I’m trying to understand something about loops in PyTorch. I timed this function (modified from docs):

    for batch, (X, y) in enumerate(dataloader):
        print("Shape: ", X.shape)
        X, y = X.to(device), y.to(device)
        for i in range(10000):
            # Compute prediction error
            pred = model(X)
            loss = loss_fn(pred, y)

            # Backpropagation


This function will run training on a single batch 10,000 times (I understand this is pointless as it would just memorize that specific batch).

The reason I wrote it is to understand why all of the following are true:

  • This ran for a really small network ([784 in] → [512 dense] → ReLU → [10 out])
  • I ran this on a 4090. It’s a 24gb card with 16k cuda cores and 2.3ghz clock speed.
  • The time it takes to complete this is about 3.6 seconds.

From what I understand about deep learning on GPUs, 3.6 seconds seems way too high.

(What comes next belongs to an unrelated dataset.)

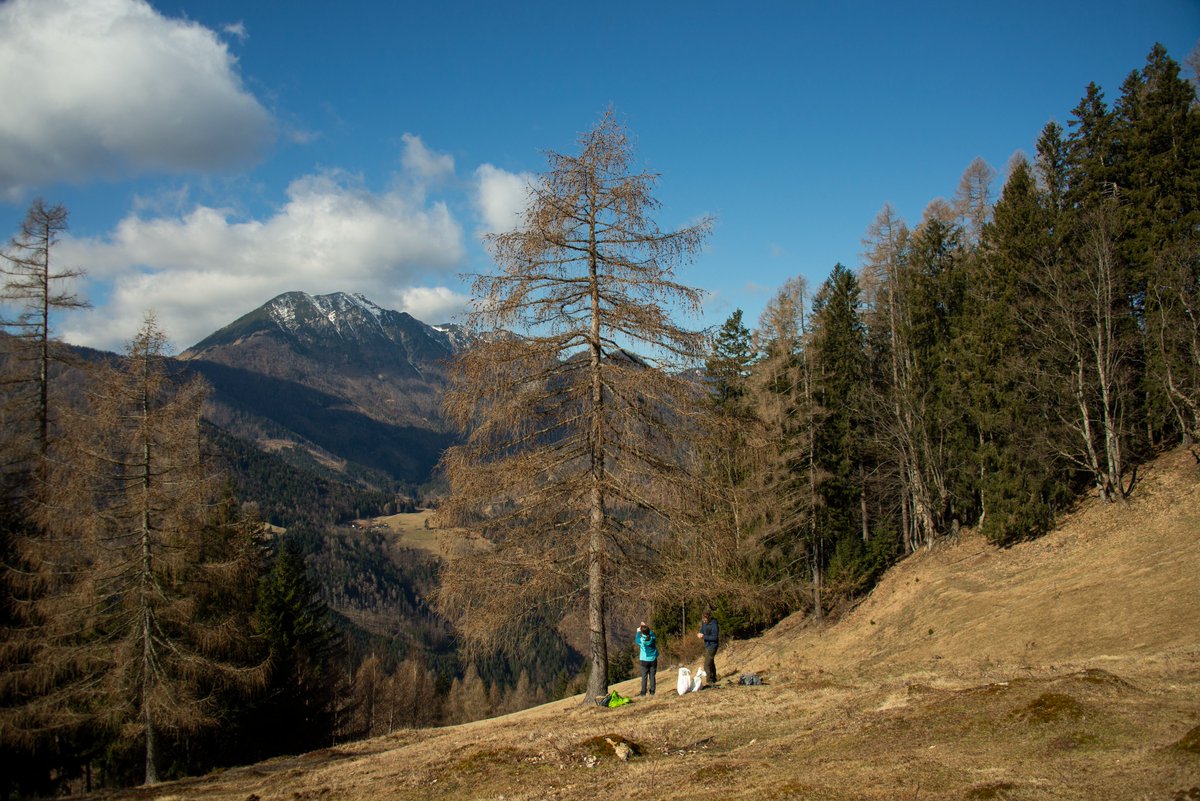 🌳 What species are targeted in the #OptFORESTS seed collection efforts? Explore the diverse tree species and climates involved & learn how these collections contribute to understanding #climatechange adaptation in forests 🌱#HorizonEU optforests.eu/news-and-media…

If the GPU has plenty of memory to keep the entire model (along with state for the batch and gradients), 10,000 iterations for a 3 layer network should complete well under a few hundred thousand clock cycles. (This could also be a complete misunderstanding of how this works, please feel free to correct me if it’s wrong)

My best theory for why:
The for loop runs on the CPU, so each iteration, the GPU communicates back to the CPU that 1 iteration is complete, and the for loop continues. But even that communication time should be marginal and shouldn’t cause such a slow training time?

I can’t find any answers on a) whether it should be faster, and b) why it isn’t.

I’d appreciate any insights. Thanks.

CUDA operations are executed asynchronously and since your code is mussing synchronizations it will profile the dispatching and kernel launch overheads at best.
You are right that the CPU is used to schedule the work and especially if your actual GPU workload is tiny these overheads might be visible as “whitespaces” in a visual profile created by the native PyTorch profiler or e.g. Nsight Systems.
In these cases your workload is CPU-limited and the GPU is “starving”.
If these tiny models represent real workloads you could check CUDA graphs, which would eliminate the kernel launch overheads as described here.

1 Like

Try increasing your batch size instead of running 10,000 iterations.

You can also make use of half precision or mixed precision for an additional speed up and larger batches.